### Task to complete
Since the copy must match the original, write out each record word for word, skipping only the pictures.

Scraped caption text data
========================================

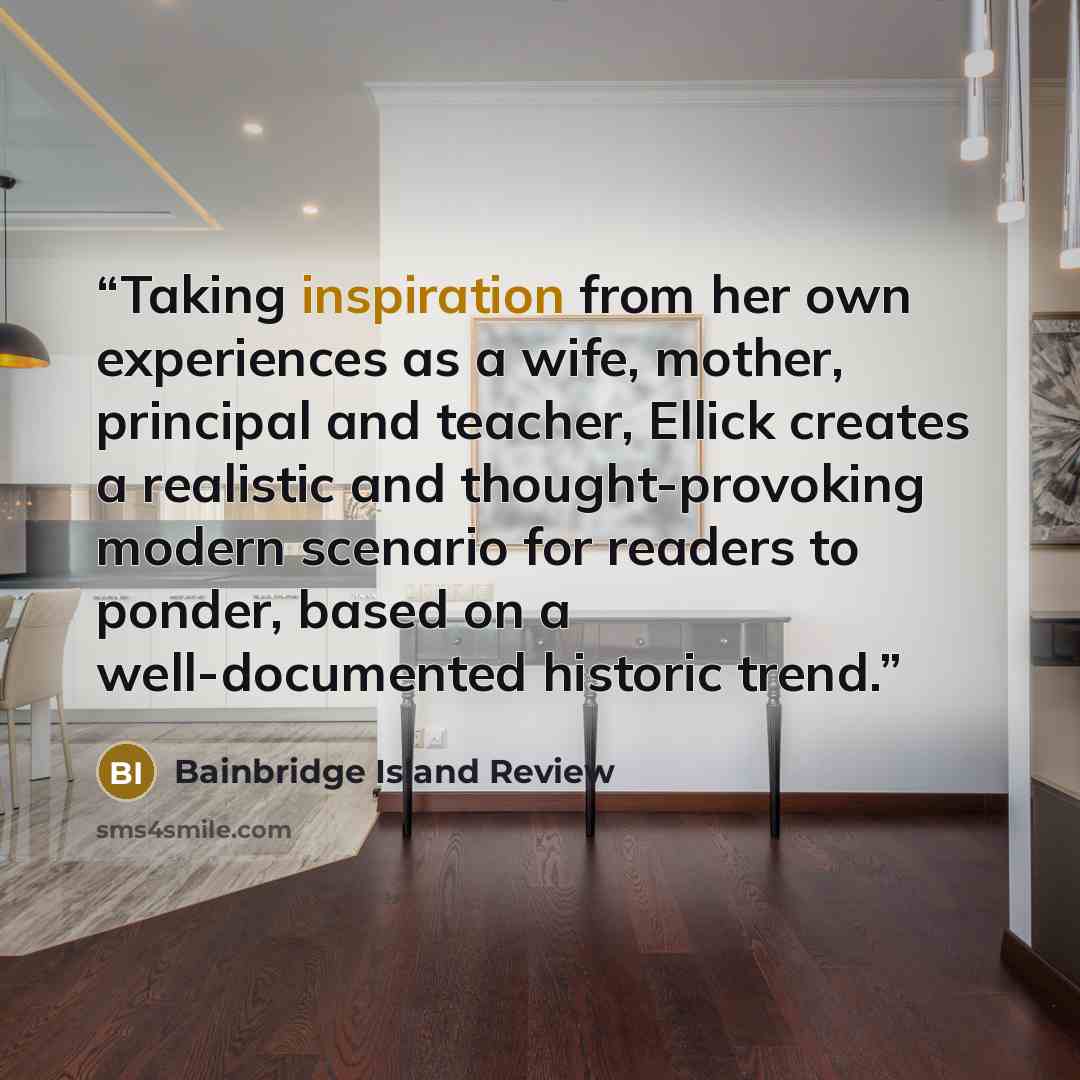 “Taking inspiration from her own experiences as a wife, mother, principal and teacher, Ellick creates a realistic and thought-provoking modern scenario for readers to ponder, based on a well-documented historic trend.” quote by Bainbridge Island Review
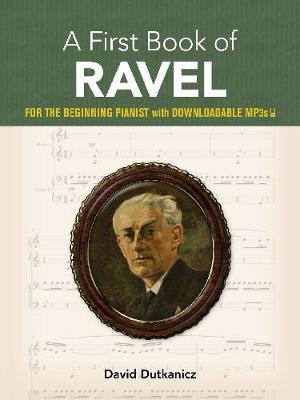 A First Book of Ravel: For the Beginning Pianist with Downloadable MP3s
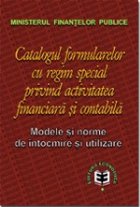 Catalogul formularelor regim special privind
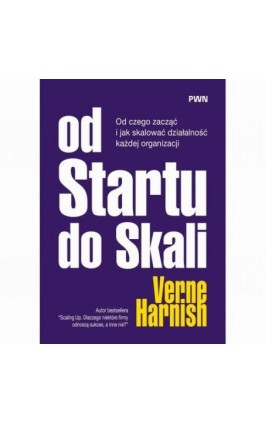 Od Startu do Skali - Verne Harnish - Ebook - 978-83-01-25019-5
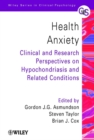 Image for Health anxiety  : clinical and research perspectives on hypochondriasis and related conditions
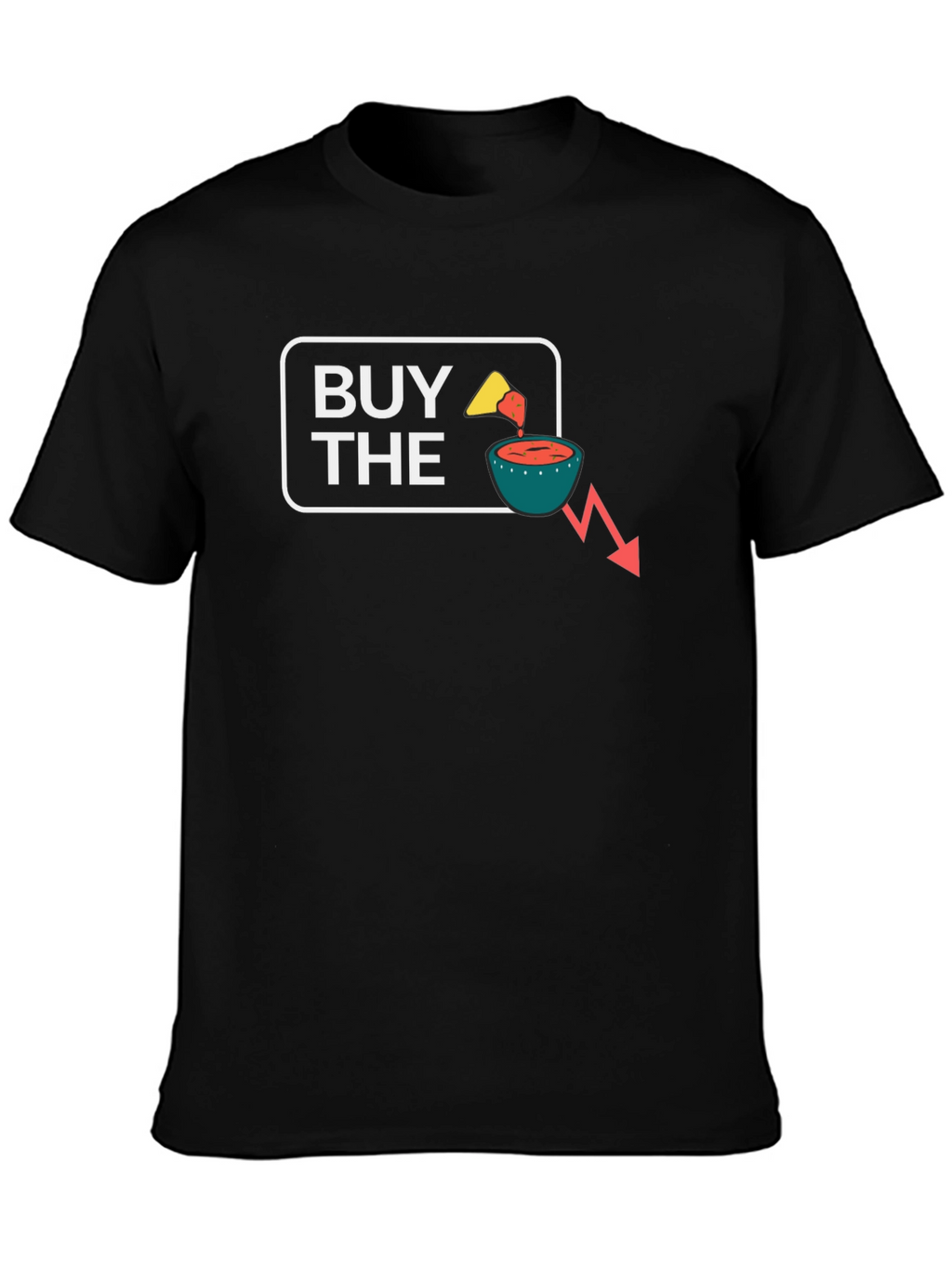 Buy the Dip Salsa T-Shirt - Funny Investment Tee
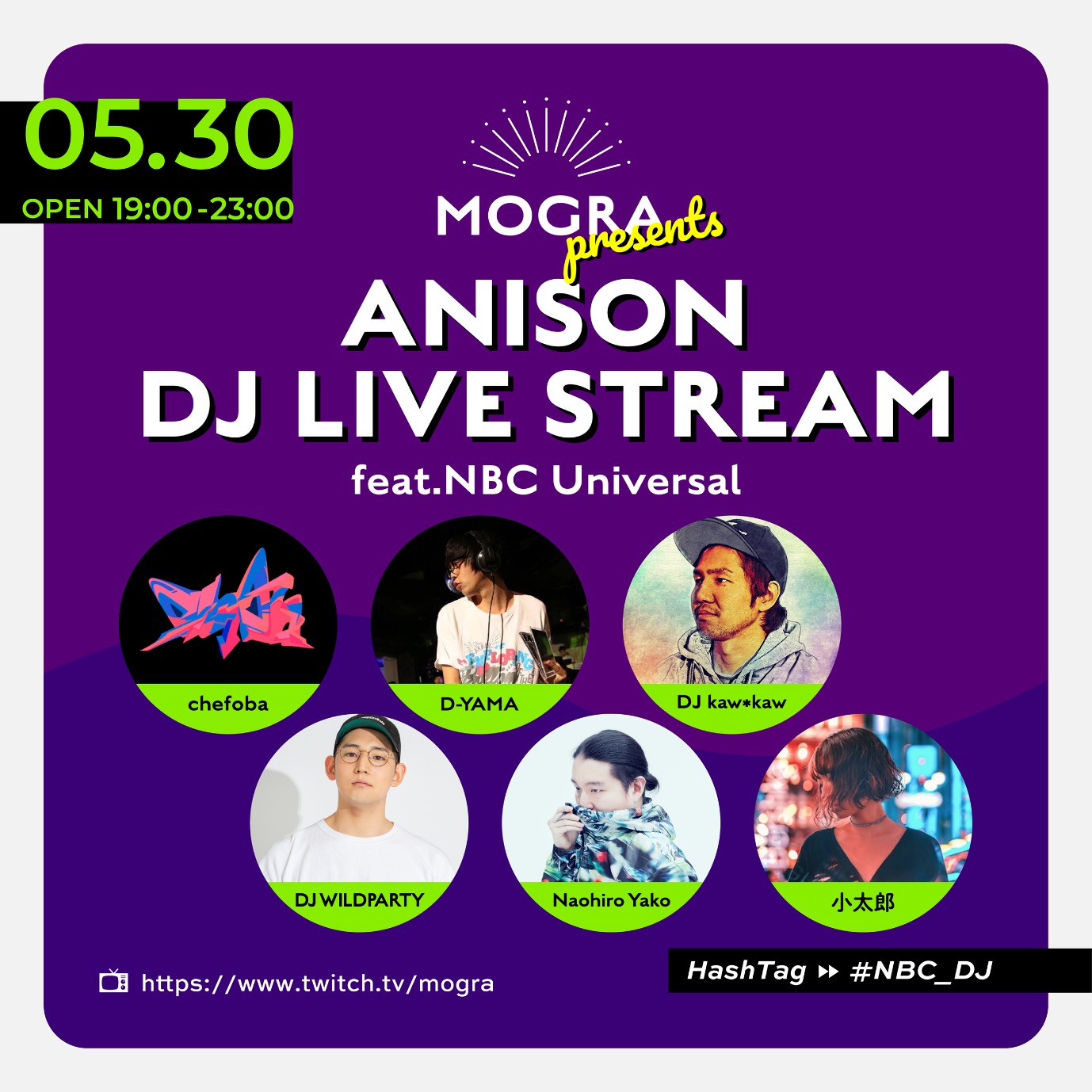 MOGRA presents ANISON DJ LIVE STREAM feat. NBC Universal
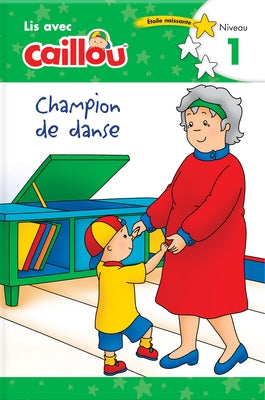 Caillou: Champion de Danse - Lis Avec Caillou, Niveau 1 (French Edition of Caillou: The Big Dance Contest): Lis Avec Caillou, Niveau 1 by Klevberg Moeller, Rebecca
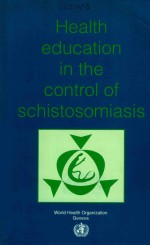 HEALTH EDUCATION IN THE CONTROL OF SCHISTOSOMIASIS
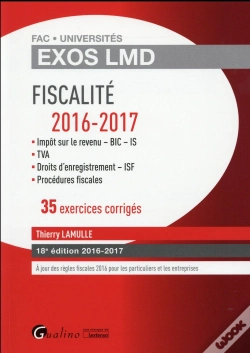 Capa do artigo Exos Lmd - Fiscalite 2016-2017, 32 Exercices Corriges 18eme Ed.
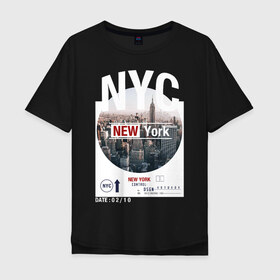 Мужская футболка хлопок Oversize с принтом New York City в Белгороде, 100% хлопок | свободный крой, круглый ворот, “спинка” длиннее передней части | new york | usa | америка | города | нью йорк | страны | сша | туризм | туристические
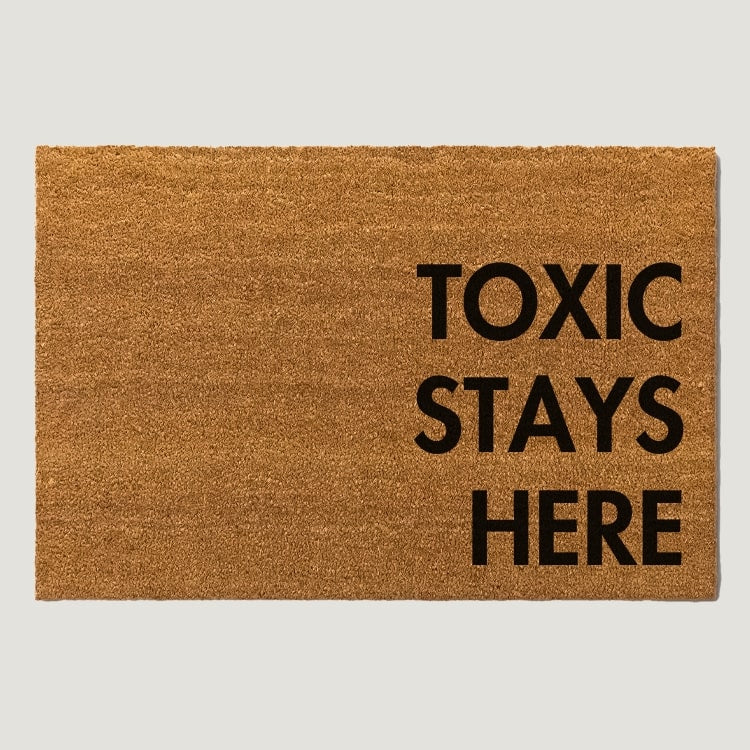 Toxic Stays Here Doormat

========================================

### Response to the exercise
 “Taking inspiration from her own experiences as a wife, mother, principal and teacher, Ellick creates a realistic and thought-provoking modern scenario for readers to ponder, based on a well-documented historic trend.” quote by Bainbridge Island Review
 A First Book of Ravel: For the Beginning Pianist with Downloadable MP3s
 Catalogul formularelor regim special privind
 Od Startu do Skali - Verne Harnish - Ebook - 978-83-01-25019-5
 Image for Health anxiety  : clinical and research perspectives on hypochondriasis and related conditions
 Buy the Dip Salsa T-Shirt - Funny Investment Tee
 MOGRA presents ANISON DJ LIVE STREAM feat. NBC Universal
 Caillou: Champion de Danse - Lis Avec Caillou, Niveau 1 (French Edition of Caillou: The Big Dance Contest): Lis Avec Caillou, Niveau 1 by Klevberg Moeller, Rebecca
 HEALTH EDUCATION IN THE CONTROL OF SCHISTOSOMIASIS
 Capa do artigo Exos Lmd - Fiscalite 2016-2017, 32 Exercices Corriges 18eme Ed.
 Мужская футболка хлопок Oversize с принтом New York City в Белгороде, 100% хлопок | свободный крой, круглый ворот, “спинка” длиннее передней части | new york | usa | америка | города | нью йорк | страны | сша | туризм | туристические
 Toxic Stays Here Doormat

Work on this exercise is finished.